En muchas religiones, el primer hombre está hecho de arcilla por un ser divino, algo que representa perfectamente la importancia que tenía la alfarería.
Aunque se pueden hacer muchas cosas la arcilla (las variedades de tejas y ladrillos son fundamentales en la construcción), lo más conocido es la alfarería y la fabricación de todo tipo de envases. En Gipuzkoa hay buena arcilla, pero históricamente ha habido pocos alfareros; el último alfarero tradicional de Gipuzkoa fue Gregorio Aramendi, de Zegama. Las tejas y ladrillos también eran fabricados a menudo por trabajadores procedentes del País Vasco francés o de Asturias. En estos casos normalmente se trataba de contratos temporales, firmados por ayuntamientos o particulares, en los que se determinaba dónde y cómo se obtenía la materia prima y el combustible y a quién correspondía la producción.
Es cierto que la arcilla de nuestro entorno era buena para hacer todo tipo de vasijas para el almacenamiento cántaras, jarras y líquidos; pero no para el fuego: "al ponerse al fuego se sabe cómo es el recipiente" dice el refrán, convirtiendo el problema práctico en metáfora. La mayoría de las ollas de Gipuzkoa habían sido elaboradas por mujeres y provenían de las provincias de Zamora y Valladolid: los alfareros guipuzcoanos las compraban allá, las traían, les daban un esmalte blanco y las vendían.

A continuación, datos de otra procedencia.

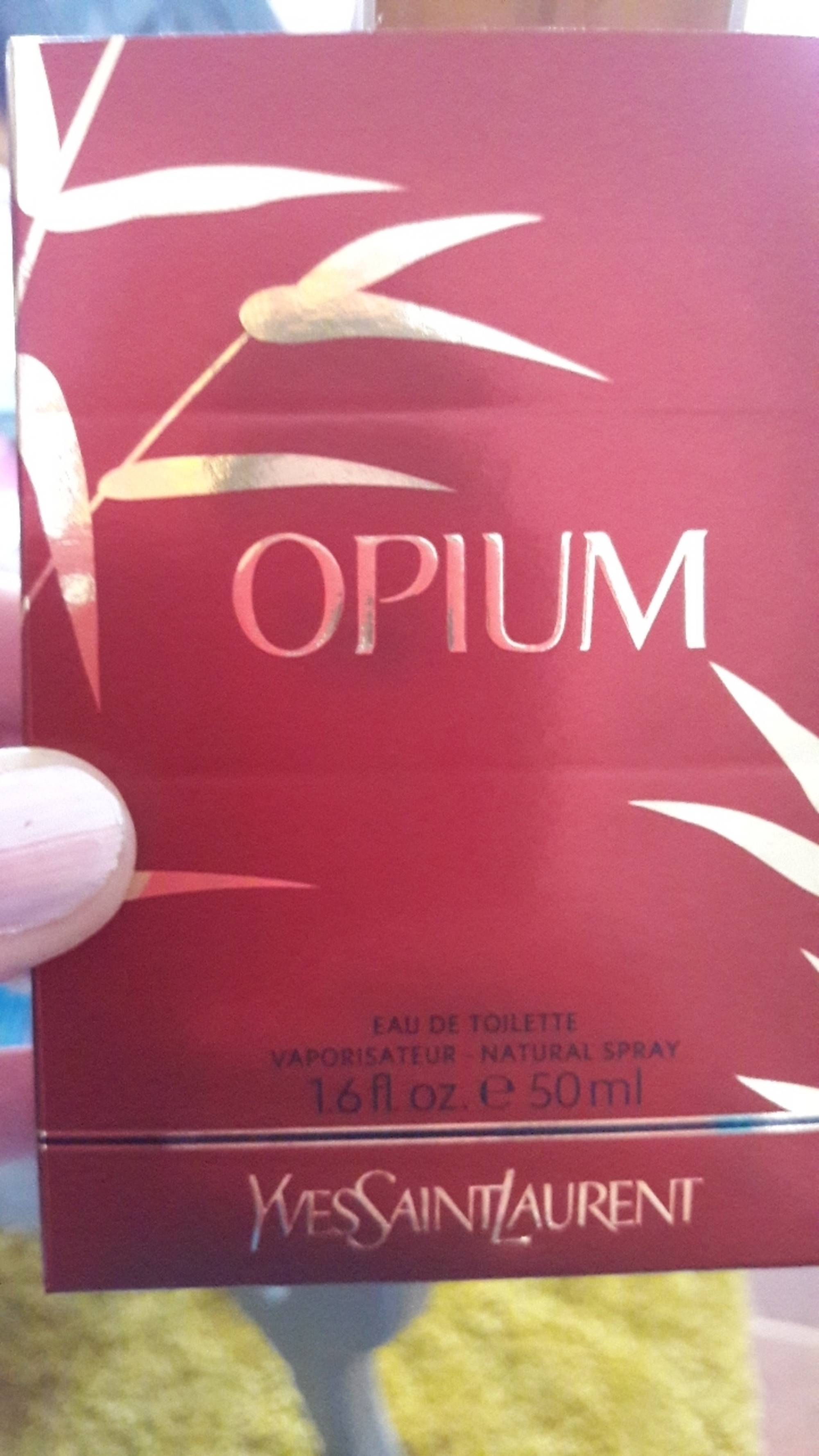 YVES SAINT LAURENT - Opium - Eau de toilette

En Euskadi los alfareros eran hombres. Cuando parecía que la profesión estaba a punto de desaparecer, una mujer, Blanca Gómez de Segura, decidió formarse con José Ortiz de Zárate y se convirtió no sólo en alfarera sino en la maestra de generaciones posteriores. Entre las piezas que fabrica, quizá la más emblemática sea el cántaro vasco, el que se utilizaba para traer agua y se ponía sorbe la cabeza.
En el barrio Ollerías de Elosu (Álava) se puede visitar tanto el taller de Blanca como el museo.